The LC V Chairman for Kapchorwa District was tasked with identifying those who either allocated themselves large pieces of land or influenced the committee to allocate them large pieces of land in 1983 or in subsequent years. Such persons include the Forestry staff who at the time managed the allocation process, the district leaders and politicians (individuals holding political office) and those who claim to have bought.

During meetings with the communities and leaders of Manafwa and Bududa Districts, the minister called on them to learn to co-exist with the park and to respect the park boundary.
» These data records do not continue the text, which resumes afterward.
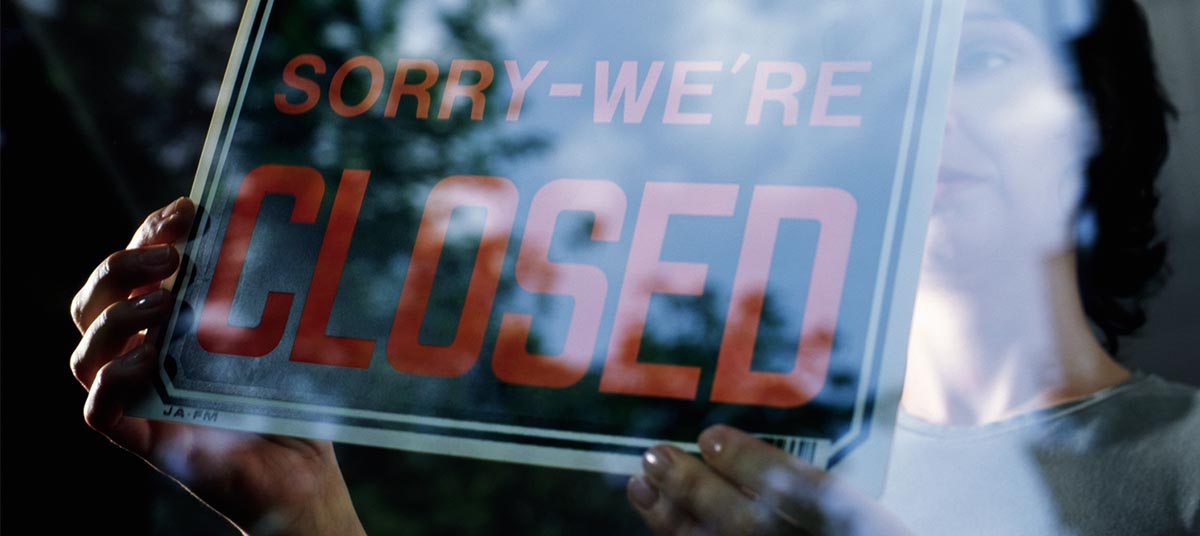 Reflective closed sign in window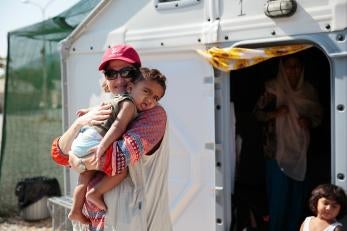 Prosper global employee holding a young child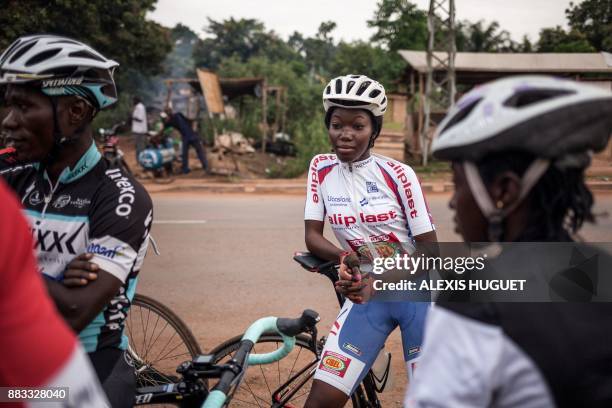 Members of Bangui's cycling team wait before taking part in a weekly training session in Bangui on October 26, 2017. The country is chronically...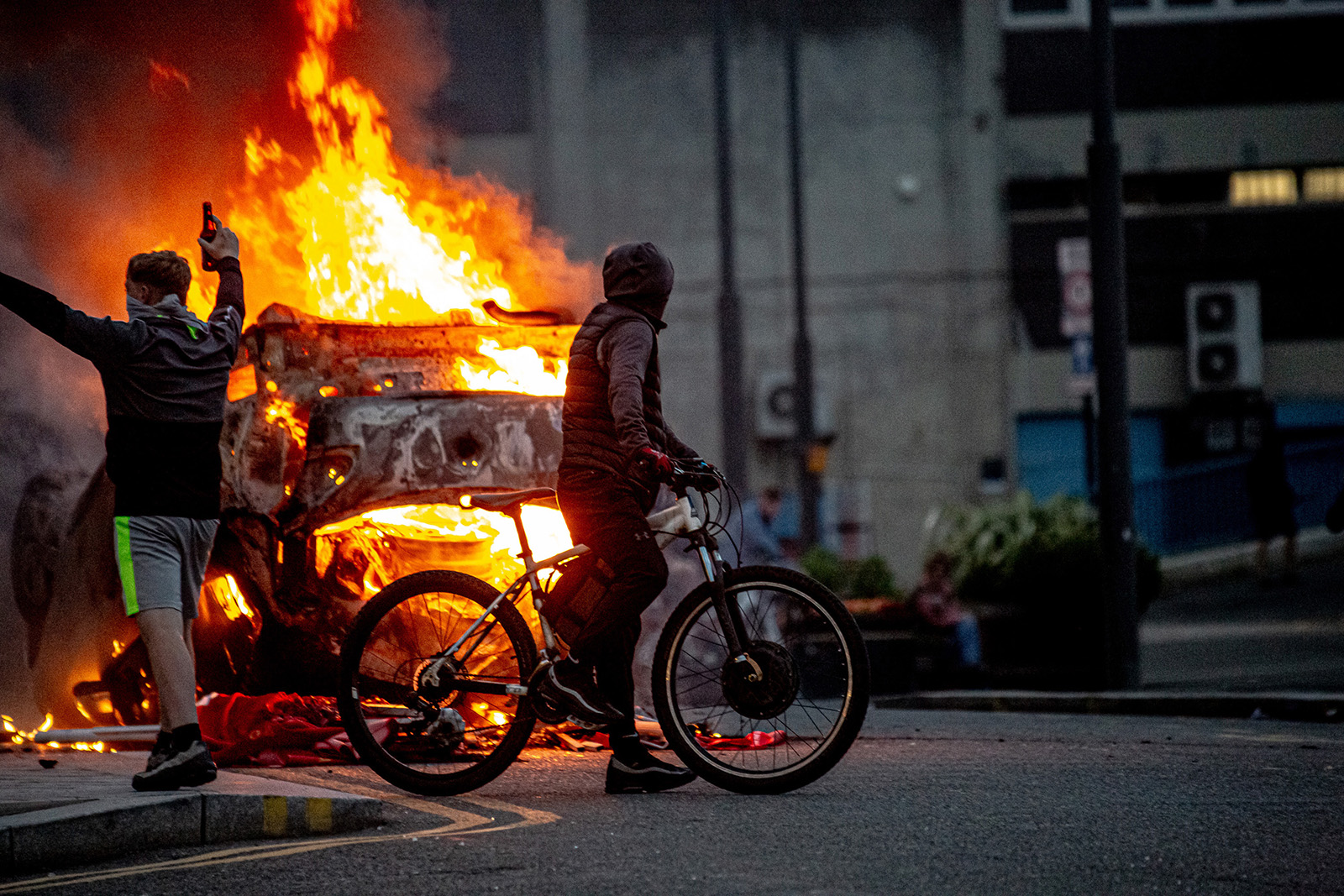 A police car on fire after a far-right protest resulted in violence and rioting in Sunderland on 2 August 2024. 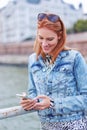 Happy young redhead woman reading message on smartphone at riverbank Royalty Free Stock Photo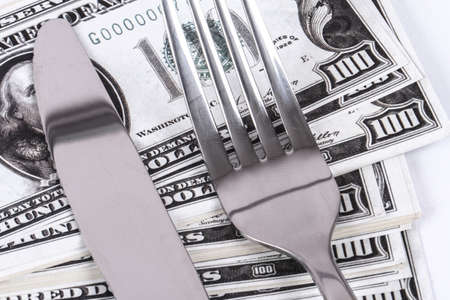 Close up detailed view of one hundred dollar banknotes under a steel fork and knife, isolated on white background.の写真素材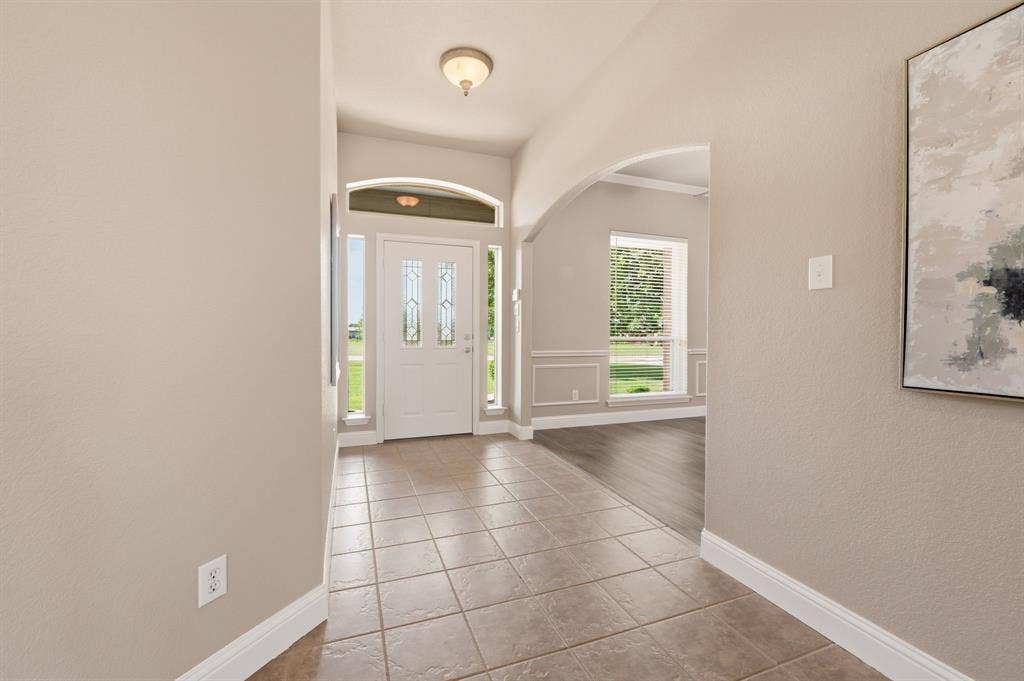 Entryway featuring tile flooring, a decorative glass front door with sidelights and transom, an arched doorway, and light wall tones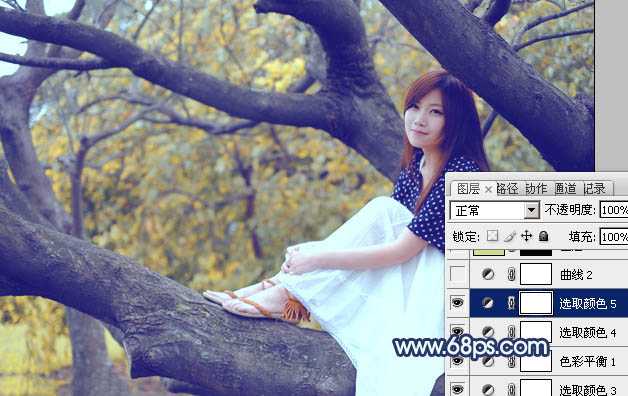 ‘Photoshop为坐树枝上的美女调制出小清新的蓝黄色‘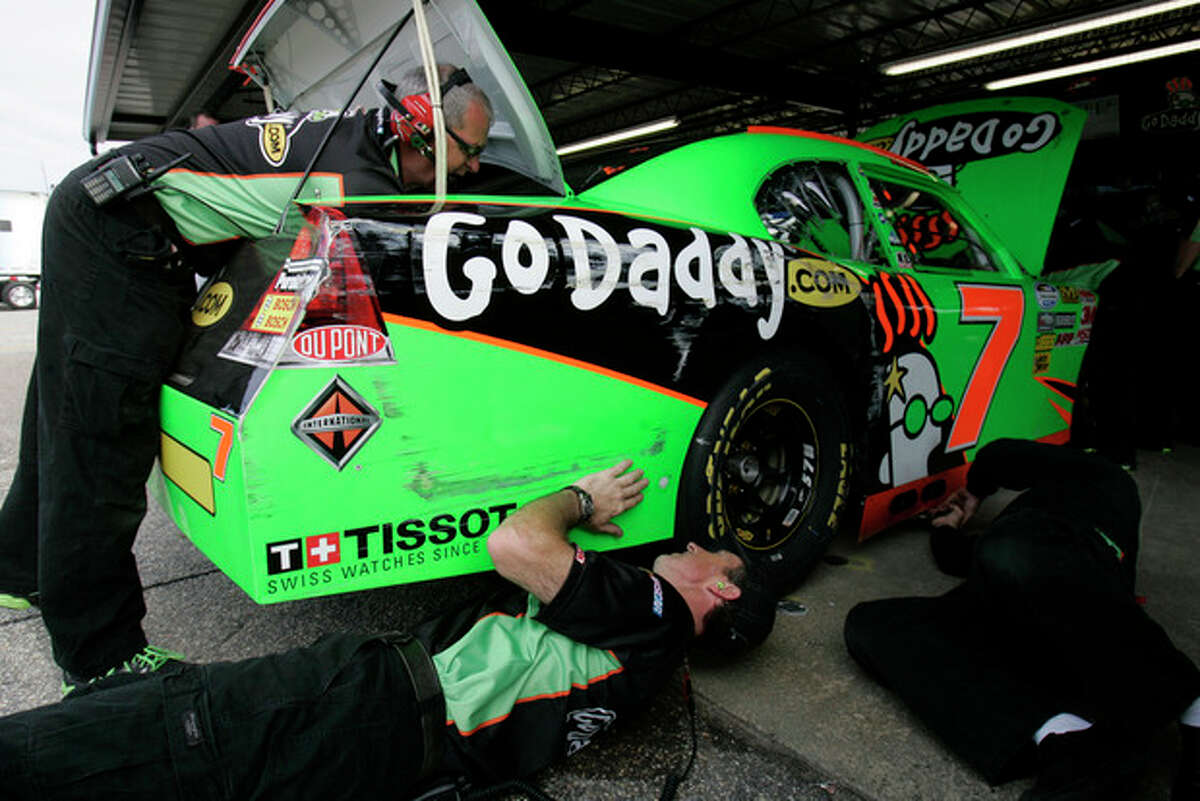 The crew for NASCAR driver Danica Patrick make adjustments to her car during practice for the Nationwide Series auto race, Friday, May 11, 2012 in Darlington, S.C. (AP Photo/Mary Ann Chastain)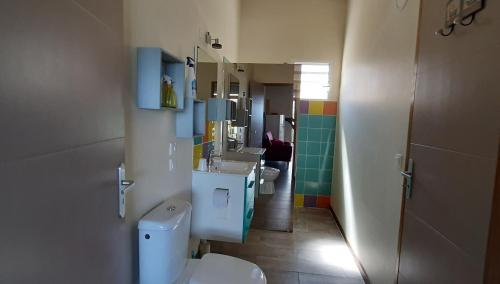 a bathroom with two sinks and a toilet in it at VILLA MARINA Appart Hotes in Bouillante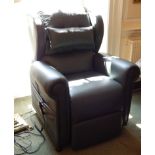 A modern dark green leather electric reclining armchair, on castors.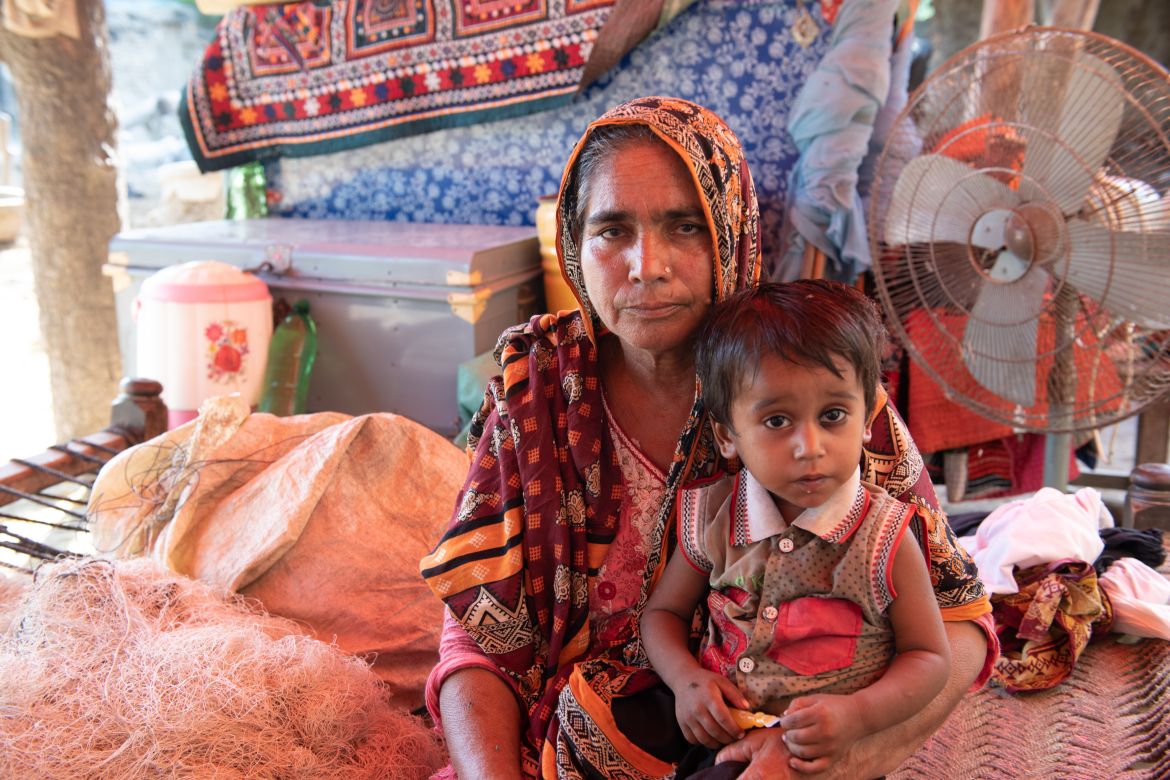 “My youngest son is constantly sick. We are using local remedies to treat him as there are no health facilities near us,” said Zeenat Bibi, holding her four-year-old son, Hussain.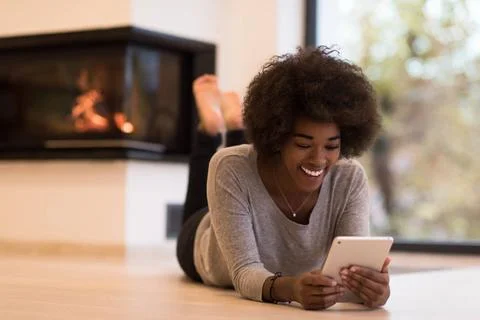 Black women using tablet computer on the floor beautiful young black women... Stock Photos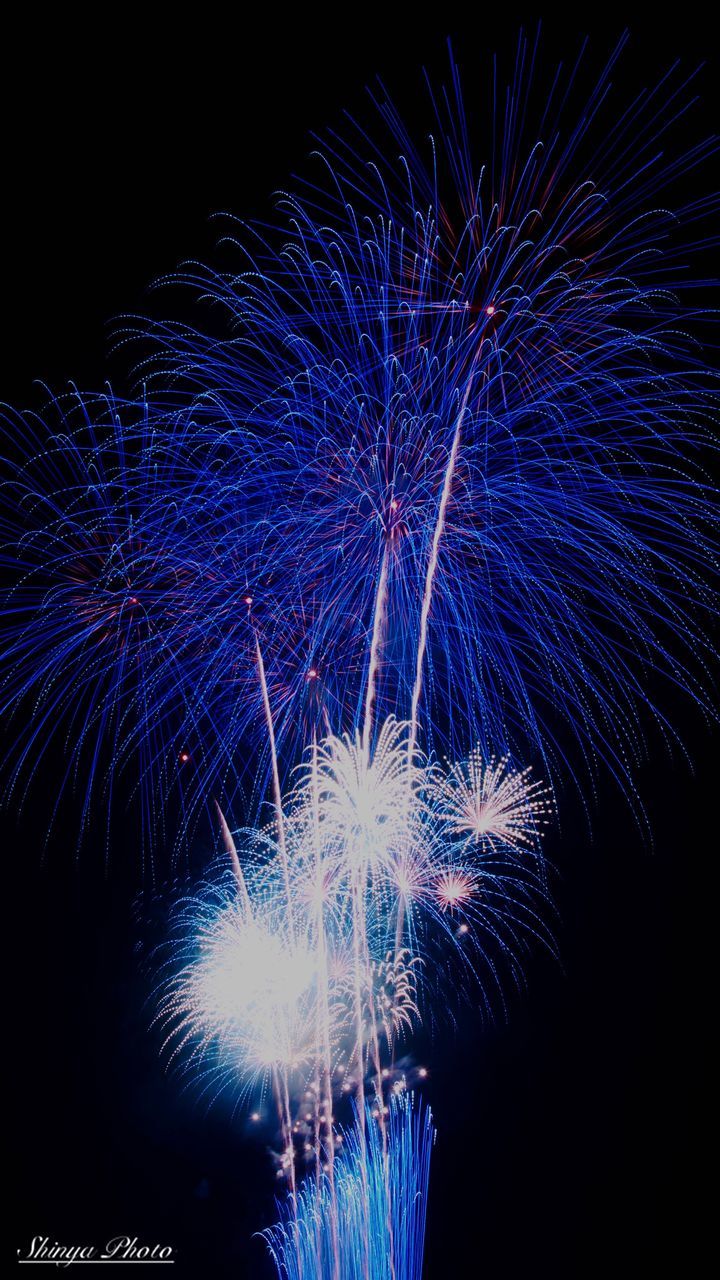 celebration, firework display, night, exploding, arts culture and entertainment, event, low angle view, firework - man made object, long exposure, multi colored, illuminated, blurred motion, blue, motion, no people, firework, sky, outdoors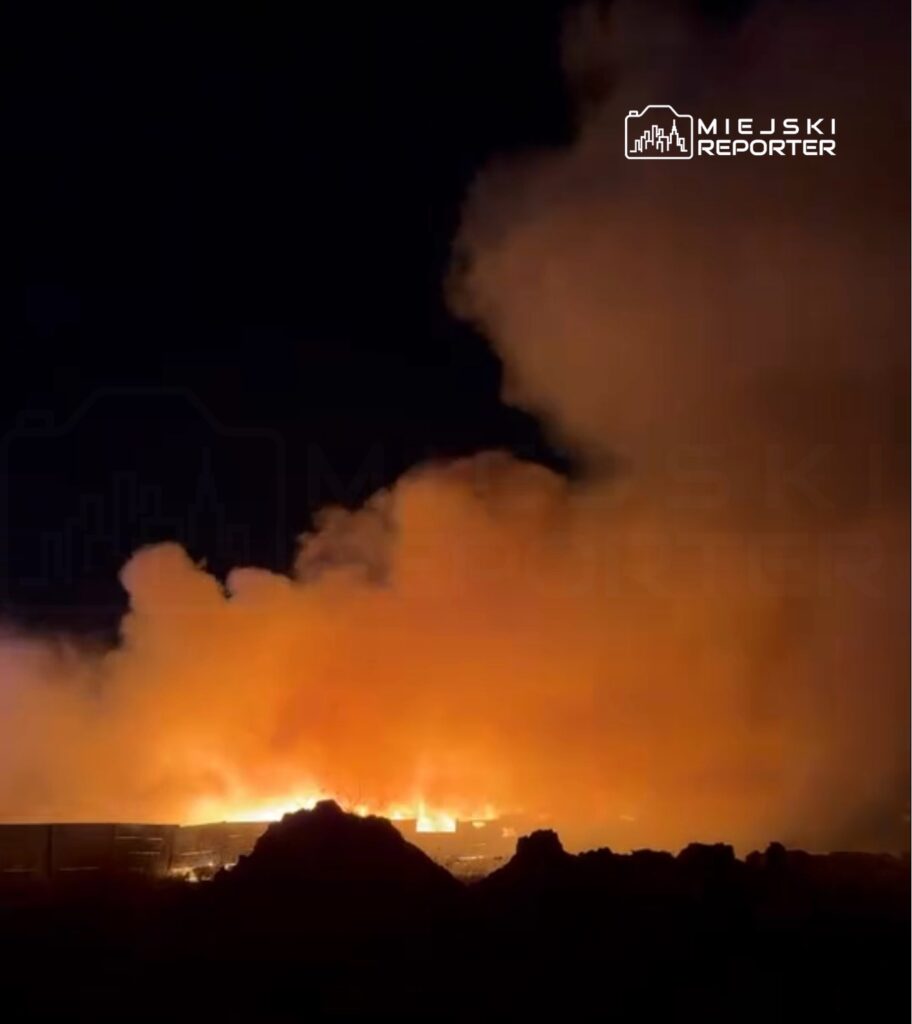 Ogromne płomienie i gęsty, pomarańczowy dym unoszą się w nocy nad terenem przemysłowym.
She rejected the accusations of communities who claimed to dispute the boundary, and clarified that the data that was used at the time the park was gazetted was the same data used during surveying of the boundary in 2005. The Minister specifically emphasised :

  • the need to control population growth
  • the need for district leaders to help people access Bona Bagaggawale funds
  • the need to carry out zoning for agricultural development and linking this to industrialisation
  • government’s plan to improve social services when oil revenue begins coming in.
  • that there will be NO further degazettement of protected areas or portions of them.

The Minister, Hon Mukwaya will within the month of April 2008 meet the area Members of Parliament from the Mt Elgon region and District leaders to discuss ways in which population growth and economic transformation can be achieved to reduce over dependency on traditional crops grown in the area and to enhance agro-processing and thus stop the clamour for degazettement of Protected Areas.

The Minister warned political leaders from the region to desist from inciting the community to encroach on the park and to use encroachment on the park as a campaign tool but rather to concentrate on real development issues and programs like high value crops, agro-processing, sanitation, family planning and education which will help transform the community and allow for a harmonious co-existence with the protected areas whose environmental values are obvious to all, especially in Bududa where every year landslides are experienced with loss of human life and property.